The announcement post says the actual type-checking happens in a persistent server that watches for filesystem changes. That sounds pretty close to continuously running a linter. It also says "without breaking things", so I'm a little fuzzy on whether badly-typed code will actually execute or not.
For that matter, can you call a typed function from an untyped one? Or, worse, a typed method? If the typing is purely static, there's no way to know the method you're calling is actually typed, so there's no actual guarantee that it receives the types it's declared unless your entire program is typed. It doesn't seem like a very strong guarantee if both the caller and the callee have to opt into the typing.
If you're looking for a tool that exists right now, you either have an existing codebase and can't port it to Hack if it's not already PHP anyway (for the same reason Facebook couldn't port away from PHP), or you're starting from nothing and could just use a statically-typed language in the first place.

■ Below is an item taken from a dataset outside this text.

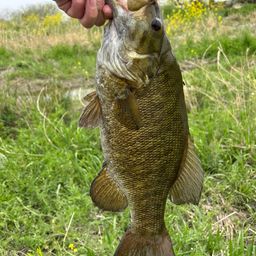 スモールマウスバス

I don't know if I'd even be excited about the prospect of optional static typing in Python. (It hasn't gotten me interested in Dart, for example.) I'd kinda rather see the effort poured into something that could do static duck-typed analysis/inference, e.g. balk if I pass an argument that could be a non-string into a function that tries to call `.startswith` on it. (Ah, but maybe it could theoretically be a string or None, and I only know it isn't None for reasons the type system can't see, and now I hate the type system.)
I didn't say it was a trivial problem. I just don't feel excited by the solution.